I recently came across this proposition that the eigenvalues of a product of square matrices are invariant under cyclic permutation of the product order. Is there perhaps some group theoretic way of proving this proposition?
I've tried a few cases and it seems to be true, but a direct proof has proven elusive. Or is a proof not so simple?
This is a consequence of the fact that the spectrum of $AB$ and $BA$ coincide. Suppose that $\lambda$ is a non-zero eigenvalue of $AB$ with eigenvector $\mathbf{v}$. Then $$AB\mathbf{v} = \lambda\mathbf{v}\implies BA(B\mathbf{v}) = \lambda B\mathbf{v}$$ so that $B\mathbf{v}$ is an eigenvector of $\lambda$ for $BA$. Clearly $AB$ and $BA$ are either both invertible or non-invertible so $0$ as an eigenvalue also coincides.
Therefore $\sigma(AB) = \sigma(BA)$ where $\sigma$ denotes the spectrum.
This fact then extends to any cyclic permutation (much like how the cyclic permutation property of the trace also follows from $\mathrm{tr}(AB) = \mathrm{tr}(BA)$). For example, by continuously applying the exchange property to this cluster of $4$ matrices, we have $$\sigma([ABC]D) = \sigma(D[ABC]) = \sigma([DAB]C) = \sigma(C[DAB]) = \cdots $$
With only a little extra work we can generalize this result to rectangluar matrices, as long as their sizes are such that cyclic permutation is well defined.
Specifically, suppose $A$ is a wide $r$-by-$n$ matrix, and $B$ is a tall $n$-by-$r$ matrix. The nonzero eigenvalues of the $r$-by-$r$ matrix $AB$ are the same as the eigenvalues of a larger $n$-by-$n$ matrix formed by padding with blocks of zeros.

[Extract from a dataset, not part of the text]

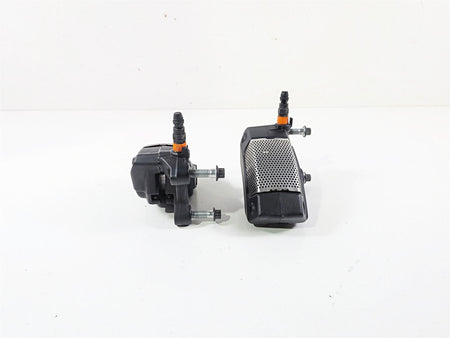 2020 Harley Touring FLTRK Road Glide Front Brake Caliper Set 43027-08 44023-08 {{ shop.shopifyCountryName }} - Mototech271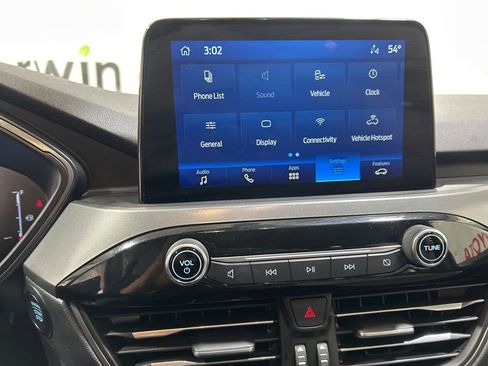 Used 2025 Ford Escape Active w/ Cold Weather Package image 27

$$\lambda_\text{nonzero}(AB) = \lambda_\text{nonzero}\left(\underbrace{\begin{bmatrix}AB & 0 \\ 0 & 0\end{bmatrix}}_{n\times n\text{ square matrix}}\right)$$
This larger matrix can then be factored as follows:
$$\begin{bmatrix}AB & 0 \\ 0 & 0\end{bmatrix} = \underbrace{ \begin{bmatrix}A \\ 0\end{bmatrix}}_{n\times n\text{ square matrix}}\underbrace{\begin{bmatrix}B & 0\end{bmatrix}}_{n\times n\text{ square matrix}}.$$
But by the result for square matrices (explained by EuYu), the nonzero eigenvalues are preserved if we commute these square factors. Doing so leads to,
$$\begin{bmatrix}B & 0\end{bmatrix}\begin{bmatrix}A \\ 0\end{bmatrix} = BA + 0 = BA.$$
Hence the nonzero eigenvalues of $AB$ equal the nonzero eigenvalues of $BA$.
This can then be extended to cyclic permutations of rectangular matrices that are permitted by their sizes, using the same argument as EuYu explained for square matrices.